Towards Better Generalization in Open-Domain Question Answering by Mitigating Context Memorization
Zixuan Zhang, Revanth Gangi Reddy, Kevin Small, Tong Zhang, Heng Ji
TL;DR
This work tackles the challenge of Open-Domain Question Answering generalization under dynamic knowledge and domain shifts. It identifies reader over-memorization of retrieved documents as a key bottleneck and introduces Corpus-Invariant Tuning (CIT), a regularization loss that constrains the reader’s likelihood of retrieved contexts during training. By combining L_QA with an auxiliary L_CIT term, and using Masked Span Prediction probabilities, CIT trains models to rely more on retrieved evidence rather than memorized corpus content. Extensive experiments on NQ, TriviaQA, and RobustQA demonstrate that CIT substantially improves cross-version and cross-domain generalization while preserving or enhancing in-domain performance, and it also boosts retrieval performance and evidence coverage. The approach offers a practical, parameterizable way to improve generalization in retrieval-augmented OpenQA systems, with applicability to encoder-decoder architectures and even decoder-only prompts.
Abstract
Open-domain Question Answering (OpenQA) aims at answering factual questions with an external large-scale knowledge corpus. However, real-world knowledge is not static; it updates and evolves continually. Such a dynamic characteristic of knowledge poses a vital challenge for these models, as the trained models need to constantly adapt to the latest information to make sure that the answers remain accurate.
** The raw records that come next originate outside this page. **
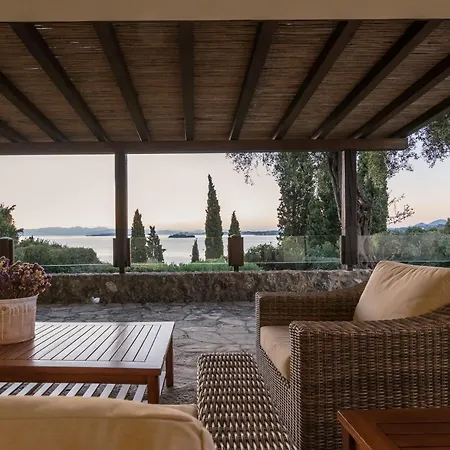 Villa Naldera Komméno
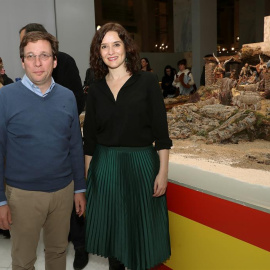 El Alcalde de Madrid, José Luis Martínez-Almeida (i), y la presidenta de la Comunidad, Isabel Díaz Ayuso (d), en un acto navideño. EFE/Kiko Huesca.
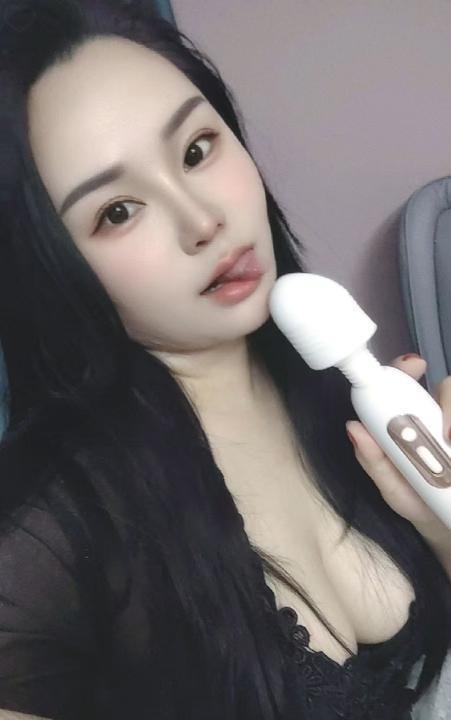 二刷熟女性感大白奶-买色网
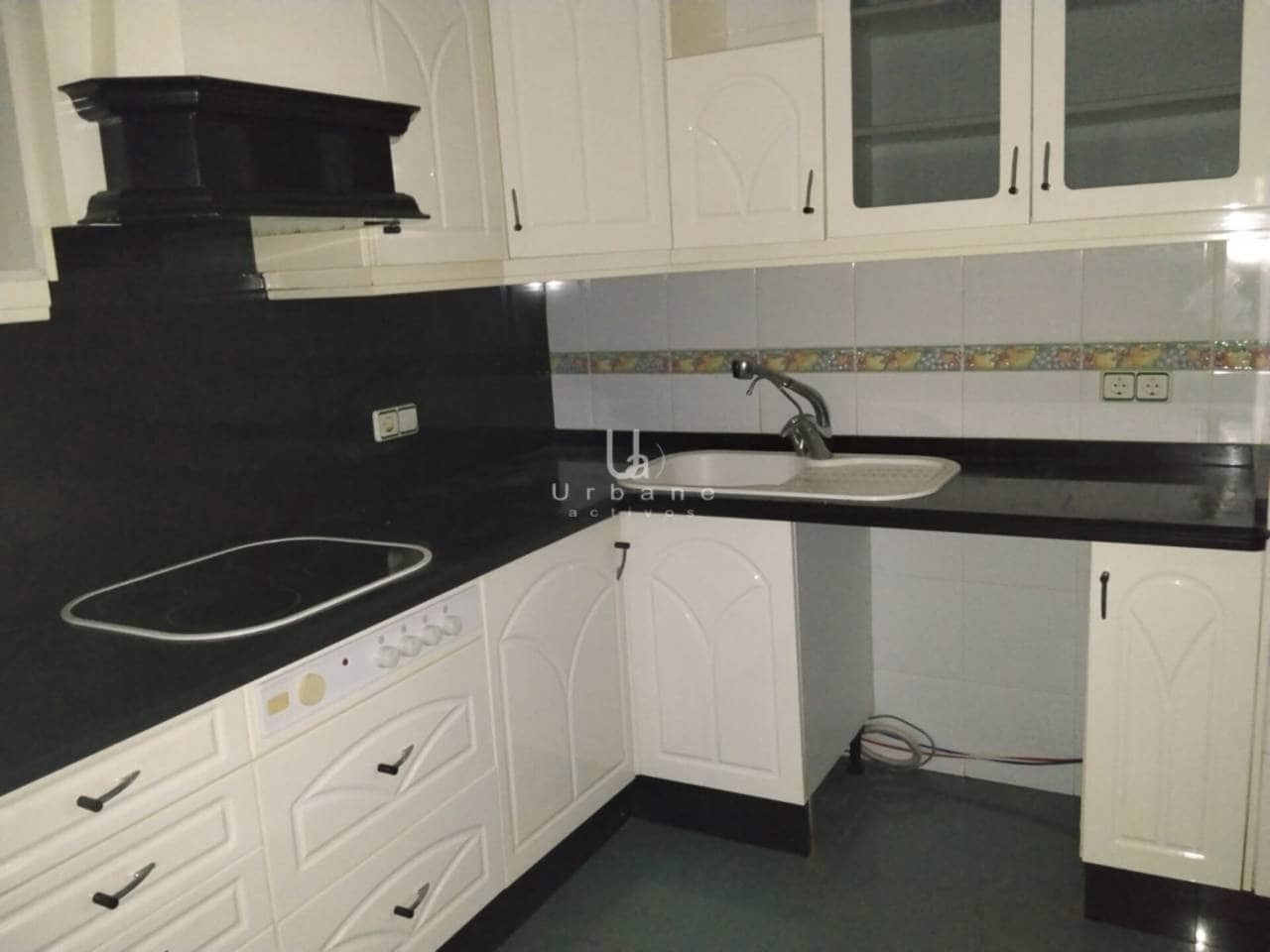 4 bedroom Apartment for sale in El Campello with pool garage - € 520,000 (Ref: 9658132)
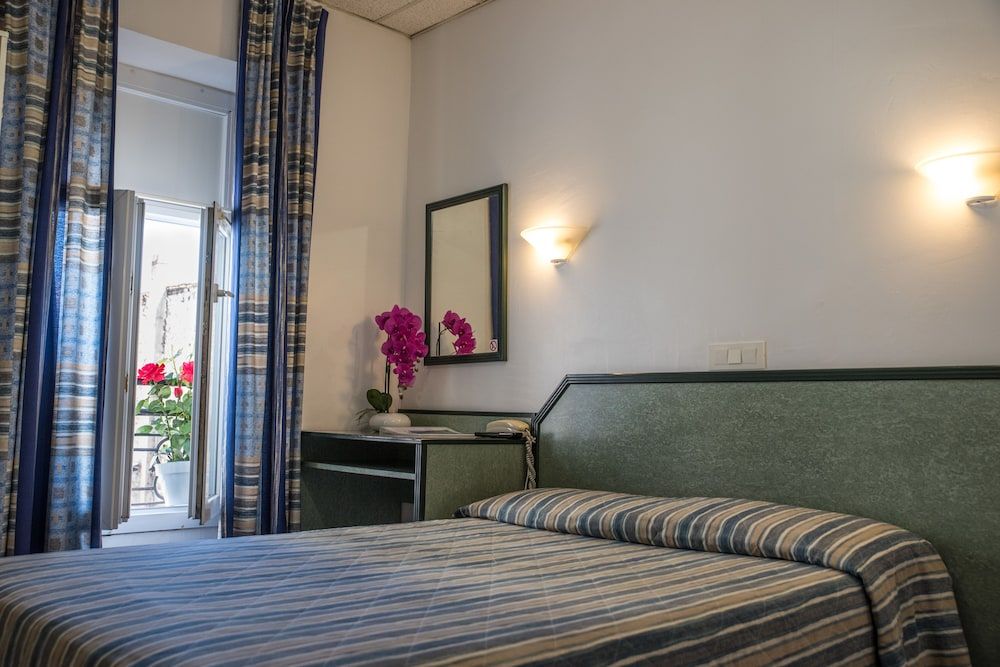 Little Palace Economy Double Room 4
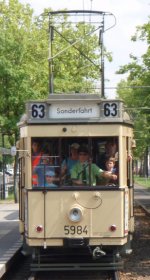 Ein historischer Berliner Straenbahnwagen, am  9.6.13 auf einer Sonderfahrt.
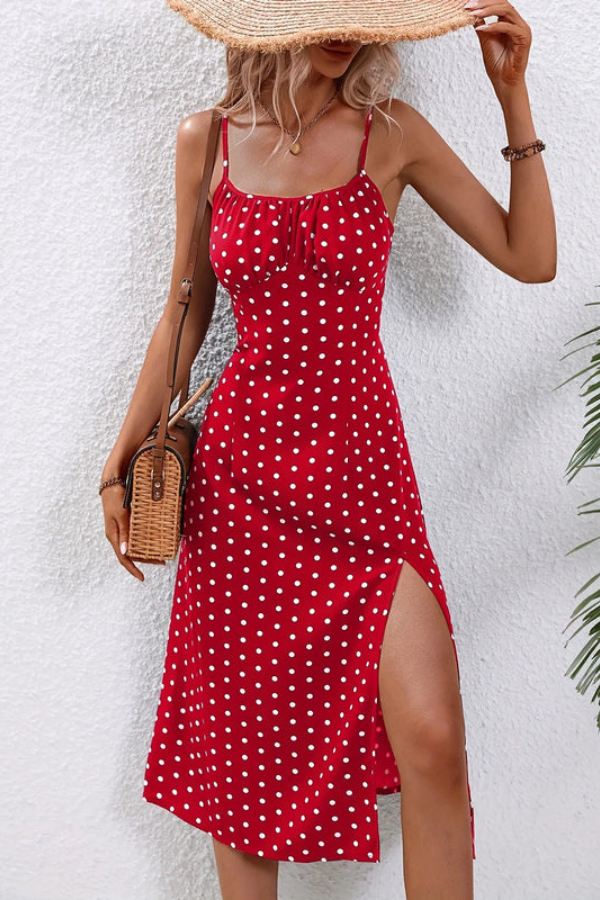 Elegant women's pleated halter midi dress. Halter neck, flowy design for summer vacation & events.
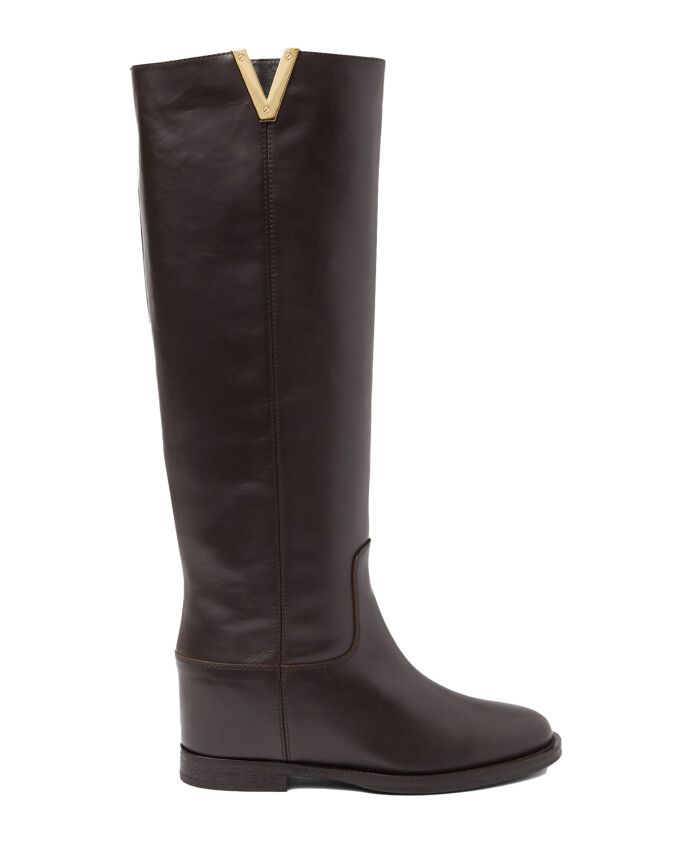 brown-leather-boots-with-gold-v-logo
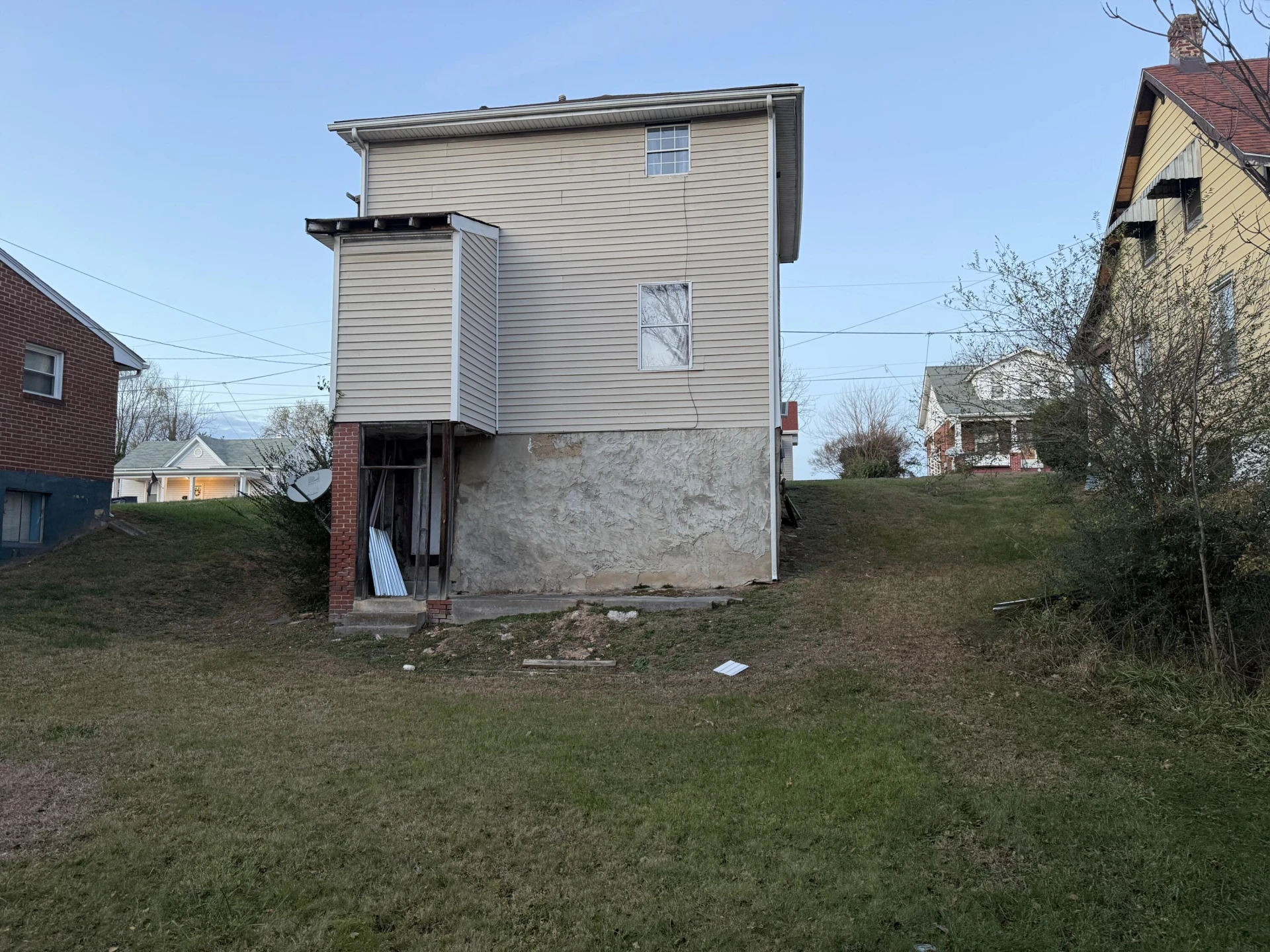 1710 Mercer AVE #2 - Photo 5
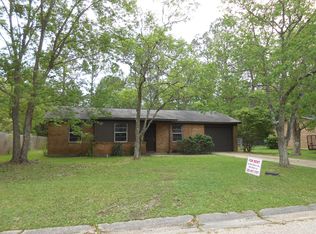 1805 Springridge Rd, Gautier, MS 39553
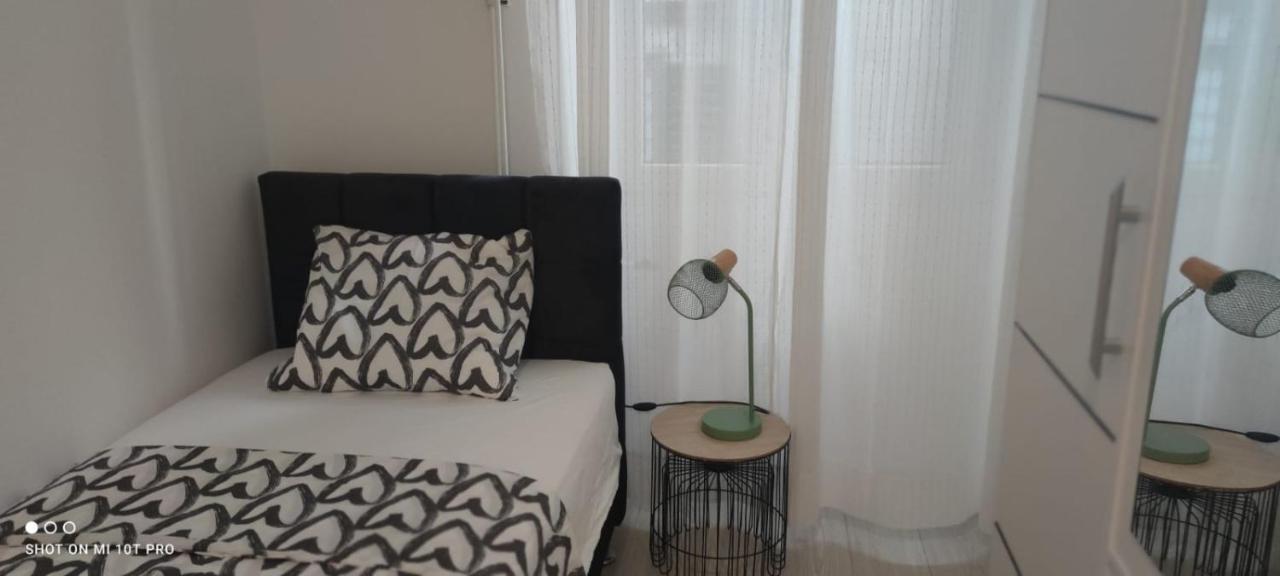 Apartman R&R,3 Room Apartman In The Center Sibenik Exterior photo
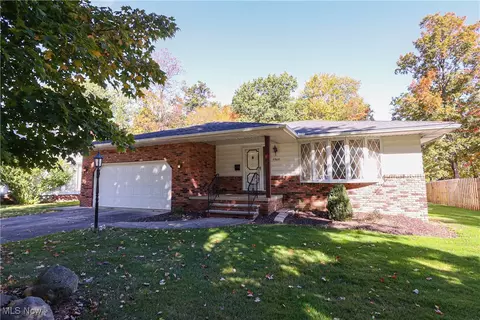 5965 Ridgebury Blvd, Cleveland, OH 44124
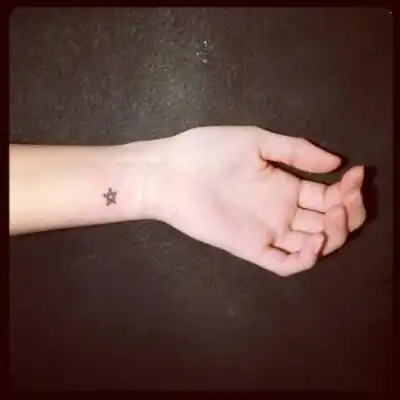 小小五角星,手腕五角星纹身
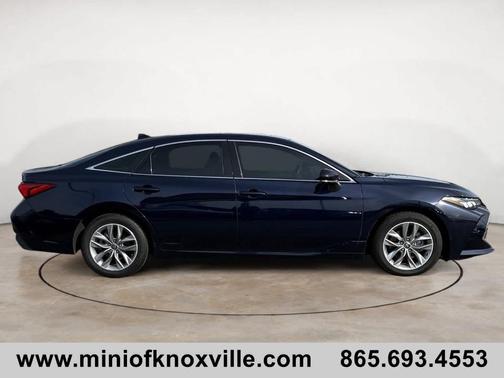 2022 Toyota Avalon XLE
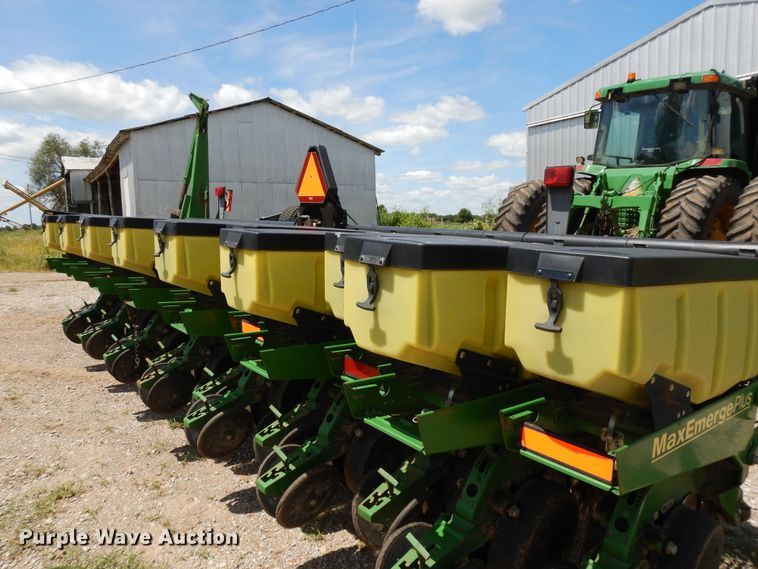 image for item DF5262 2004 John Deere 1780 no-till planter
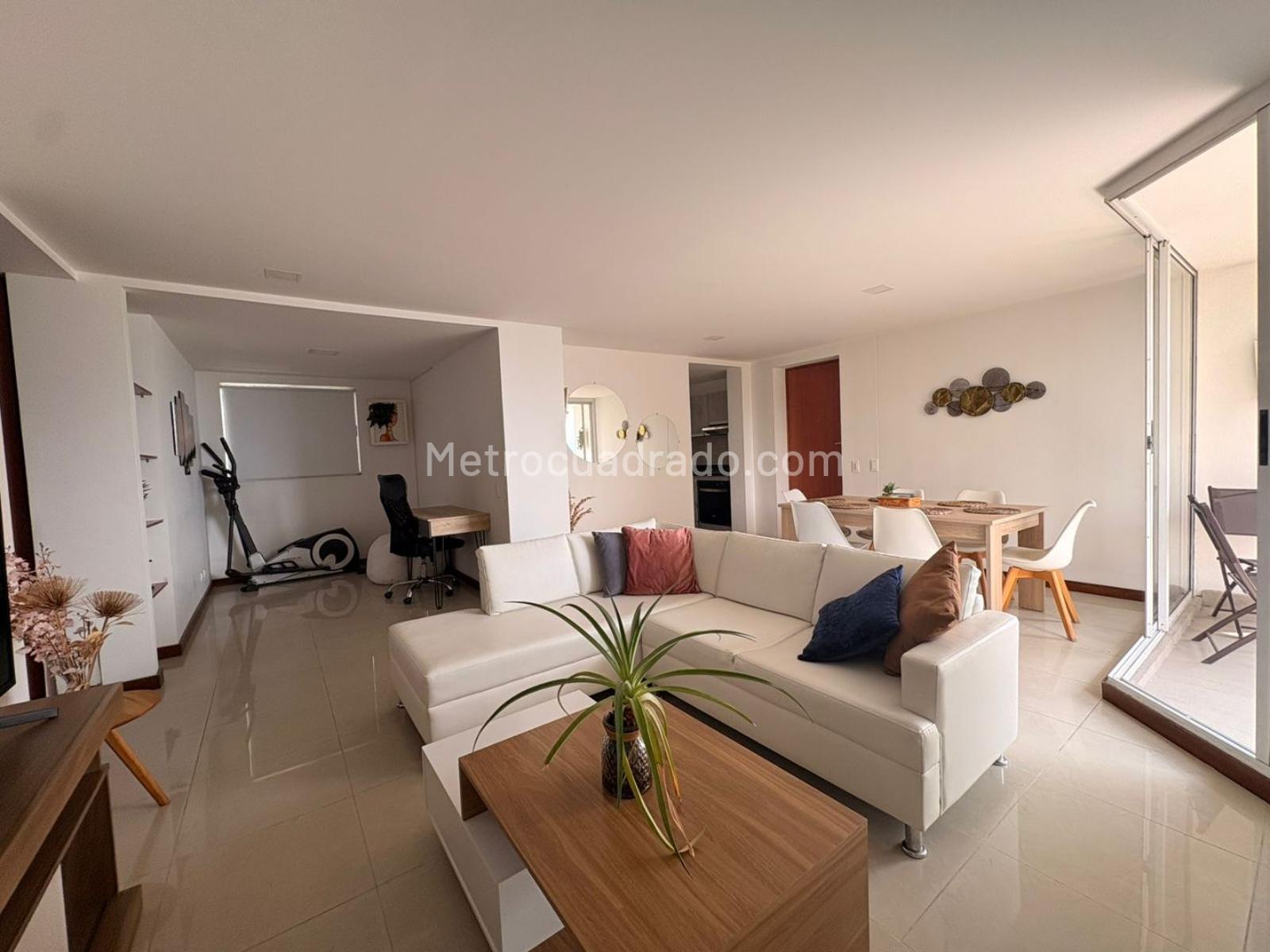 Apartamento de 3 habitaciones en arriendo en El Poblado, Medellín — imagen 1 de 20
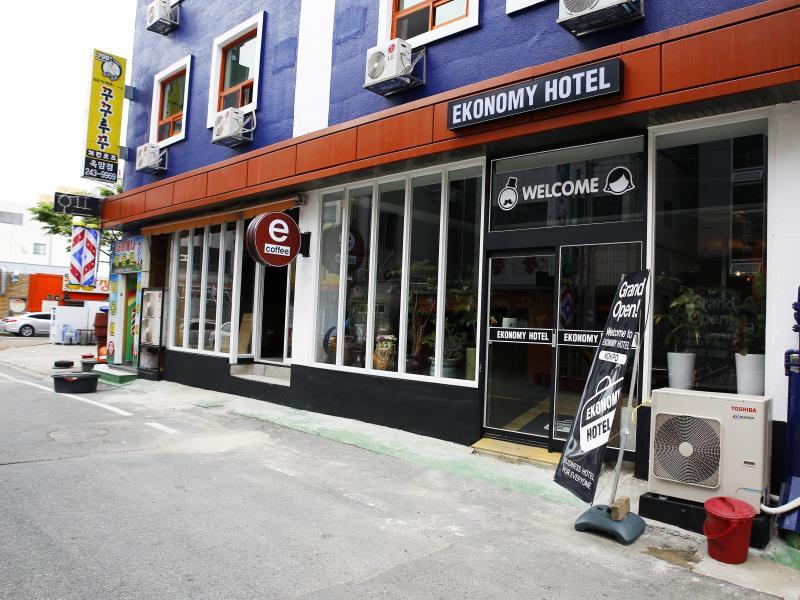 Ngoại cảnh khách sạn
In addition, it is still unclear how well an OpenQA model can transfer to completely new knowledge domains. In this paper, we investigate the generalization performance of a retrieval-augmented QA model in two specific scenarios: 1) adapting to updated versions of the same knowledge corpus; 2) switching to completely different knowledge domains. We observe that the generalization challenges of OpenQA models stem from the reader's over-reliance on memorizing the knowledge from the external corpus, which hinders the model from generalizing to a new knowledge corpus. We introduce Corpus-Invariant Tuning (CIT), a simple but effective training strategy, to mitigate the knowledge over-memorization by controlling the likelihood of retrieved contexts during training. Extensive experimental results on multiple OpenQA benchmarks show that CIT achieves significantly better generalizability without compromising the model's performance in its original corpus and domain.